We're fans of cheap index-tracking funds. Index trackers simply aim to deliver the return on the underlying market index (less costs), rather than beat it. Yet they still do better than most of their actively managed peers (which do aim to beat the market), because their costs are so much lower. Given that it's so hard to predict which active funds will beat the market, investing in trackers makes a lot of sense to us.

However, they are by no means flawless. A new paper from index specialists Research Affiliates (Buy high and sell low with index funds! by Rob Arnott, Vitali Kalesnik and Lillian Wu) notes that one issue with traditional capitalisation-weighted indices (where the largest stocks by market capitalisation see below get the biggest weighting) is that they "buy high and sell low". Looking at the S&P 500 between 1989 and 2017, the researchers found that when stocks are added to the index (as Twitter recently was, for example), they are "routinely priced at a substantial premium" to the market.
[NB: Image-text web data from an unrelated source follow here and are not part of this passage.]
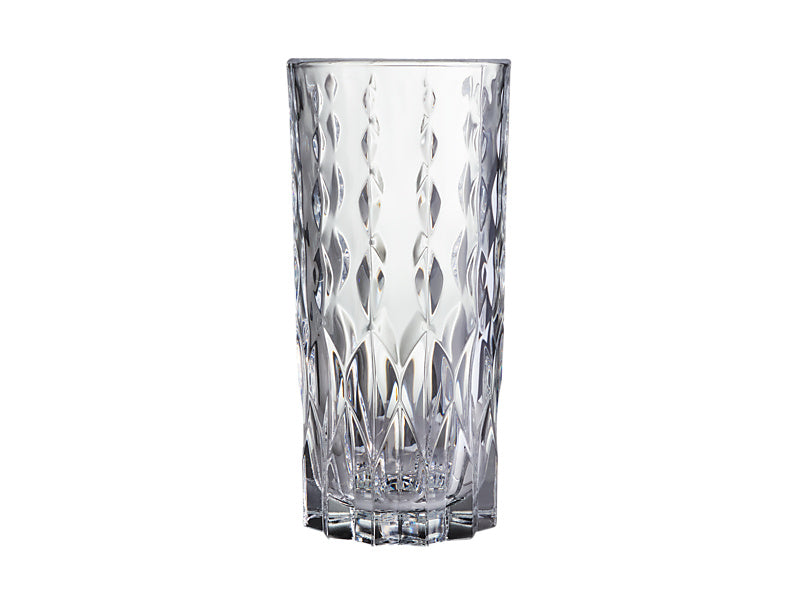 Francesca Highball Set of 4 Gift Boxed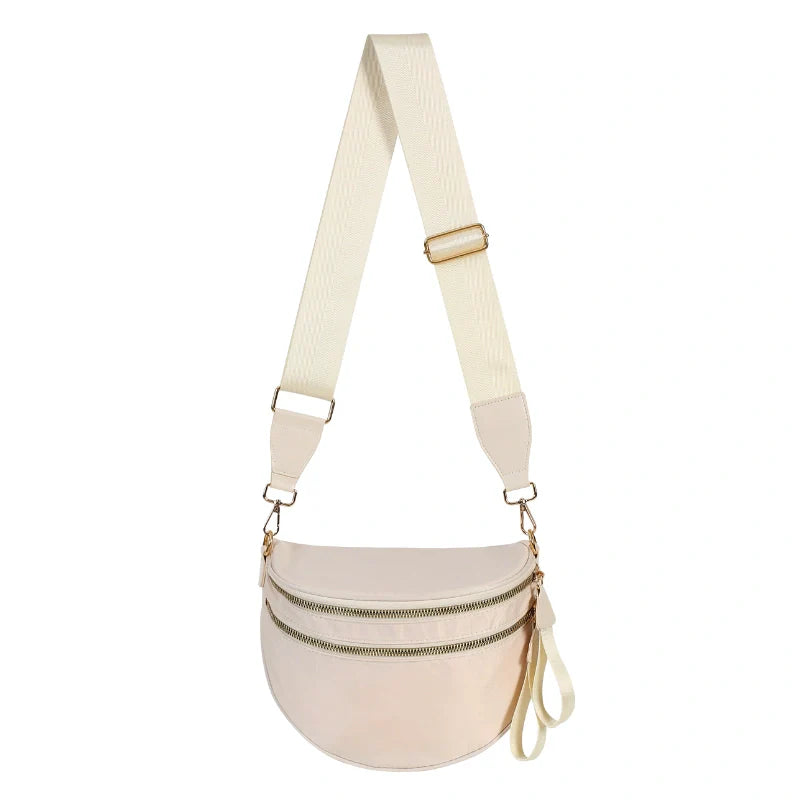 GoFree - The Roomiest Bum Bag
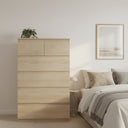 Sesto - Commode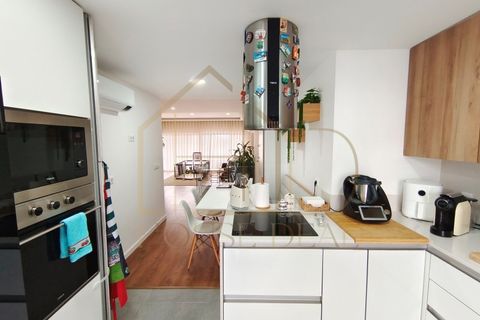 Lejlighed i Seixal, Setubal, Seixal - € 698.000 | Ref: APA_58 - foto 11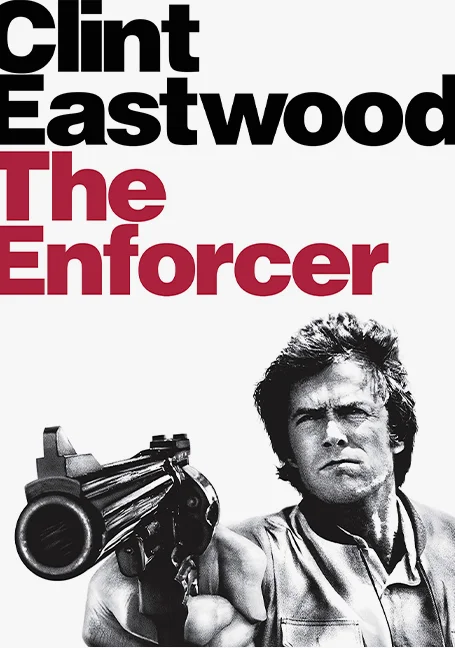 The Enforcer (1976) มือปราบปืนโหด 3 พากย์ไทย หนัง HD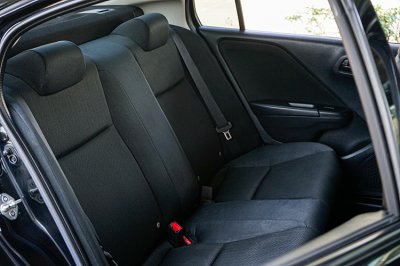 2022 Honda City 1.0 SV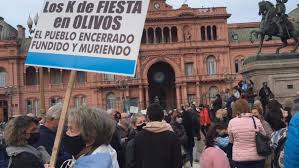 En paralelo, la movilización expresa la disconformidad de quienes adhieren a la. Idsbwof Nneqmm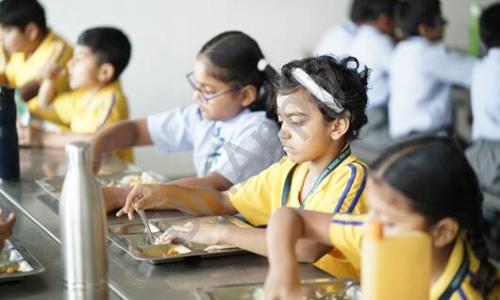 Radiant International School For Excellence — photo 3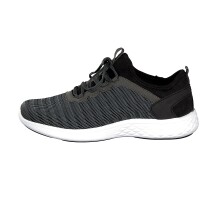 Rieker Herren Sneaker grau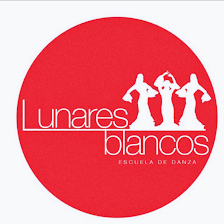 Lunares Blancos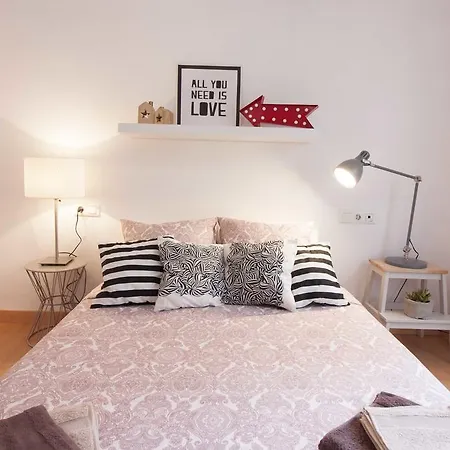 Appartement Gaona *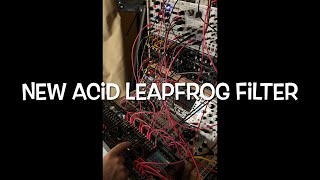 “New Acid Leapfrog Filter” by Friendly Noise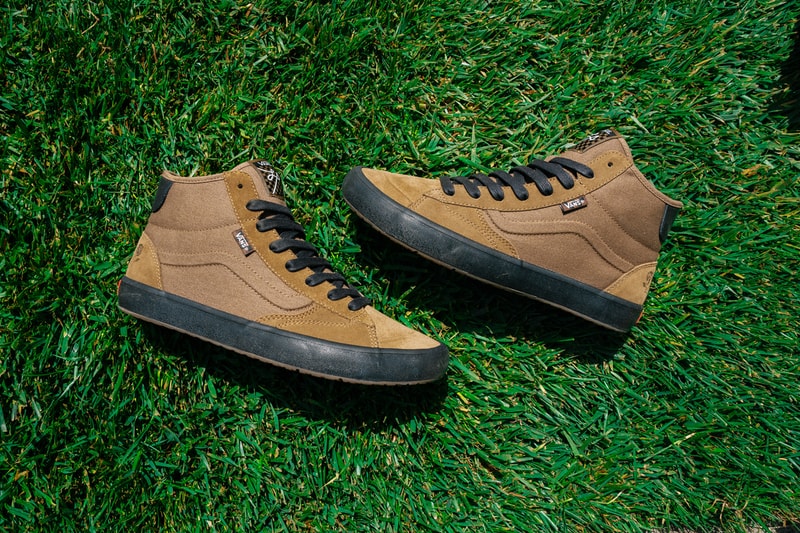 Lizzie Armanto Vans Skateboarding The Lizzie Release date info store list buying guide photos price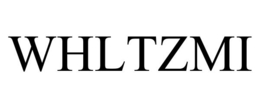 WHLTZMI trademark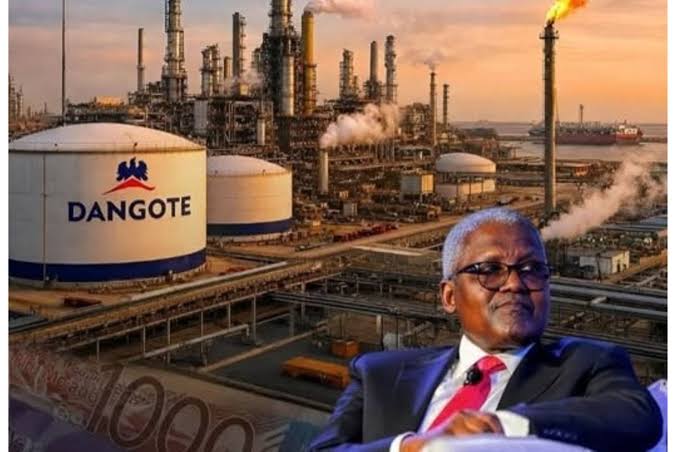Rwanda weighs stake in Dangote’s planned Kenya refinery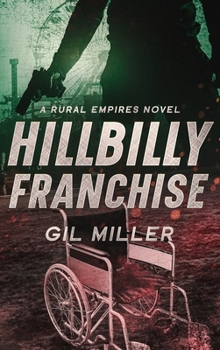 Hardcover Hillbilly Franchise Book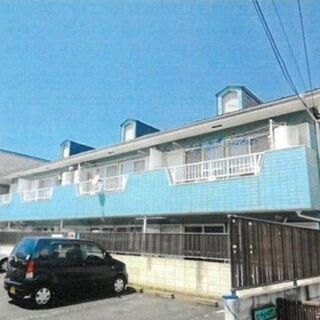 ⭐️10万円入居可💁西武新宿線/上井草駅歩9分✨東京都練馬区下石神井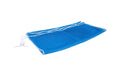 EDI CLEAN Wäschenetz in blau 50 x 70cm 100% Polyester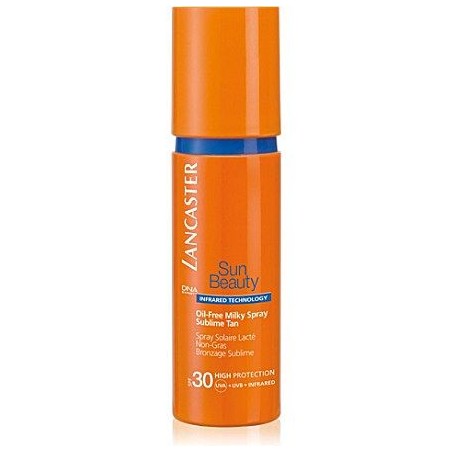 Lancaster Sun Beauty Oil-Free Milky Spray SPF 30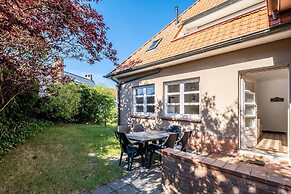 Apartment in Koksijde With Terrace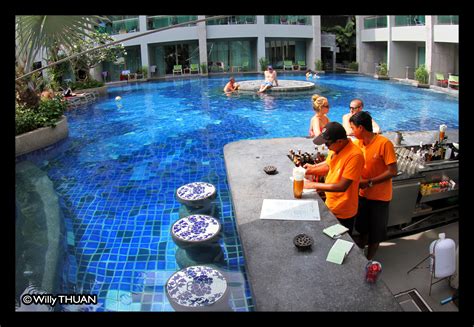 The Kee Resort and Spa Phuket - PHUKET 101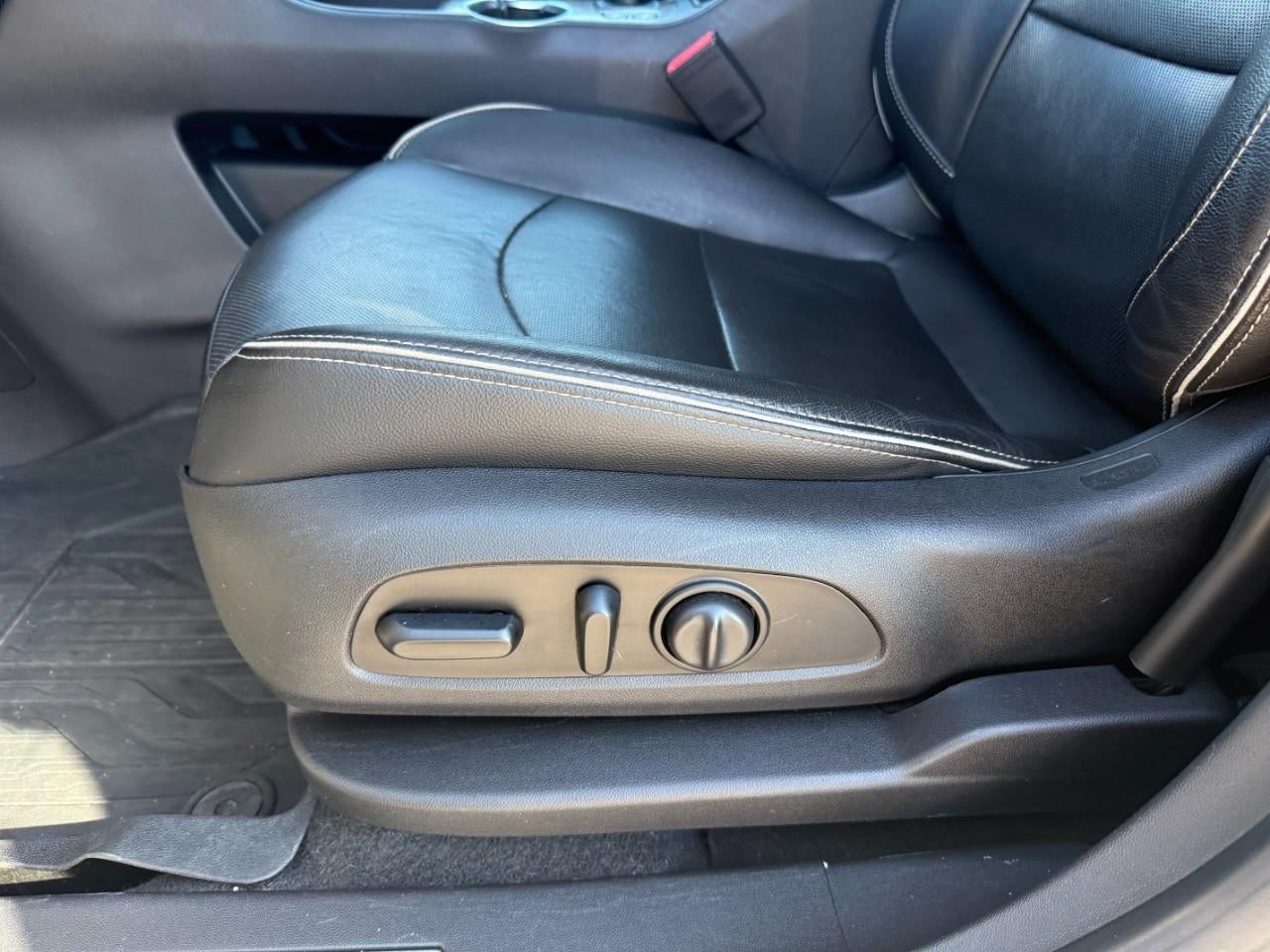 2019 GMC Terrain AWD 4dr Denali
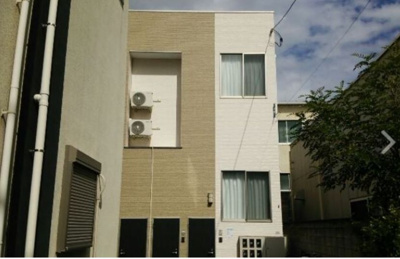 【外観】 | グランコンフォール東墨田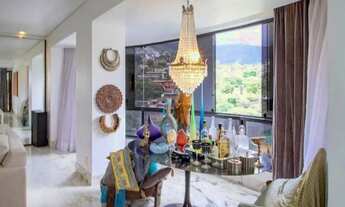 Imagem 6: Apartamento à Venda - Serra, 4 Quartos, 500 m2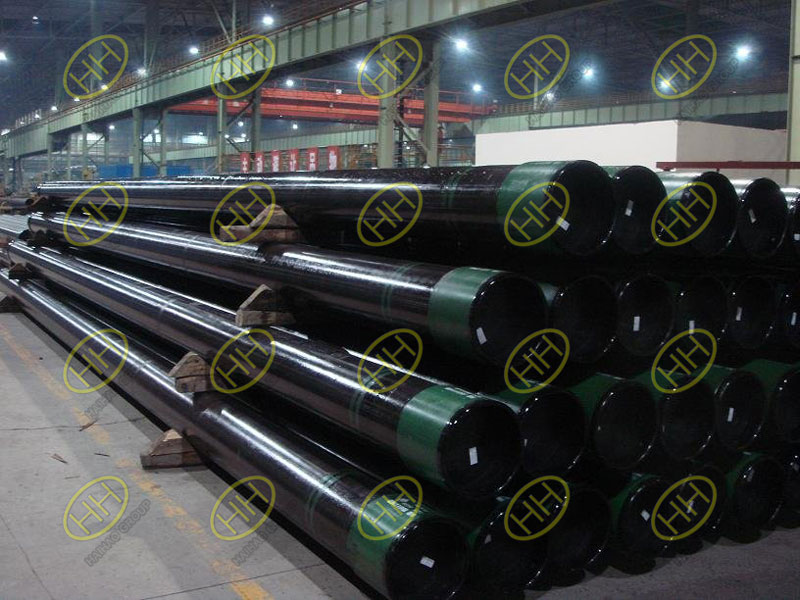 API 5CT PLS1 casing steel pipes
That's partly because, to be promoted, they had to have been doing well. But it's also because once a promotion is announced other investors rush to buy. Similarly, when a stock is demoted there's a rush to sell, and it underperforms as a result. Yet these effects vanish quickly as the stocks "revert to the mean". Promoted stocks tended to underperform over the following 12 months, while demoted ones outperformed. So the index tends to buy stocks just as they peak, and sell others just as they are set to turn around.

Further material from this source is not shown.